The solar tariffs have resulted in 10.5 gigawatts (GW) of solar installations being canceled. That is enough energy to power 1.8 million homes and reduce 26 million metric tons of carbon emissions. Solar tariffs cost the U.S. over $10.5 million daily in “unrealized economic activity,” as the report puts it. Every new job created by the tariffs ends up costing 31 additional jobs, 5.3 megawatts of solar deployment and almost $9.5 million in lost investment. The reduced solar deployment will increase carbon emissions equivalent to 5.5 million cars or seven coal plants.
The solar tariffs are causing consumers to pay more for solar panels. The prices of U.S. solar panels are among the highest in the world, with the prices 43 to 57 percent higher than the global average. That leads to consumers paying more and reduces the overall demand.

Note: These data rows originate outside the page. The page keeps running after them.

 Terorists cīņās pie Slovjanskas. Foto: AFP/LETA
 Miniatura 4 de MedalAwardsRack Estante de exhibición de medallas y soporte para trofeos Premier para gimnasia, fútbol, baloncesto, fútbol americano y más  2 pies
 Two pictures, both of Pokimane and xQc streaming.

The solar tariffs will particularly affect budding solar markets, including Alabama, Nebraska, Kansas, and the Dakotas. Those markets will not be able to take off because the tariffs make solar energy uncompetitive.

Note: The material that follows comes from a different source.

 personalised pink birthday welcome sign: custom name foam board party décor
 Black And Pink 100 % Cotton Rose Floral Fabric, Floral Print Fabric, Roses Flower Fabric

The midterm review process for the solar tariffs started at the U.S. ITC on December 5. The review covers the impacts of the tariffs from the start of the 2017 complaint through 2021 when the tariffs end.
The exemption for bifacial solar modules will stand for now
Bifacial solar modules were exempt from the tariffs until the Trump administration announced in June 2018 that they would no longer be exempt as of October 28. In early December, the U.S. Court of International Trade allowed the exclusion to stand. The case is still under review and this is only a temporary reprieve.
The solar industry will continue to fight against the tariffs. As Hopper said, “We will continue to make the case that the Section 201 tariffs are harming the U.S. industry and the American consumer and that the bifacial exclusion was a fair and reasonable solution to the problem of domestic module supply shortages.”